WASHINGTON, DC -- The Mortgage Bankers Association (MBA) has praised the Securities and Exchange Commission (SEC) for issuing proposed credit ratings agency reform measures that would promote transparency, accountability, and credibility.
"We recognize that credit rating agencies play a pivotal role in the investment community by making assessments about financial services providers and financial instruments used in the secondary mortgage market," said Kieran P. Quinn, (top right photo) CMB, MBA's Chairman. "We are pleased the SEC's recognizes the valuable impact ratings agencies have on the relationship between issuers and investors."
The first part of the proposal significantly increases the scope and depth of disclosures credit ratings agencies would be required to make.
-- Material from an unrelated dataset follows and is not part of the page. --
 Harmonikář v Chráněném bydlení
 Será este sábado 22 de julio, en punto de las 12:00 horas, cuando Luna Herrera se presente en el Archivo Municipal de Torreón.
For example, ratings agencies would be required to publicly disclose the information it uses to determine a rating on a structured product.
The second part of the Proposal would require credit rating agencies to differentiate structured products ratings from bond ratings, either through the use of different symbols, or by issuing a report disclosing the differences between ratings of structured products and other securities.
"MBA is pleased that the SEC has agreed to review the differentiation of structured rating under a separate approval track because it will allows for the separate consideration of constructive rating agency reforms while at the same time maintaining MBA's strong opposition to the proposed structured rating's identifier," said Jan S. Sternin, (middle left photo) senior vice president, commercial/multi-family.
MBA will work with the SEC and other industry participants to try and address concerns about separate ratings approaches for structured securities.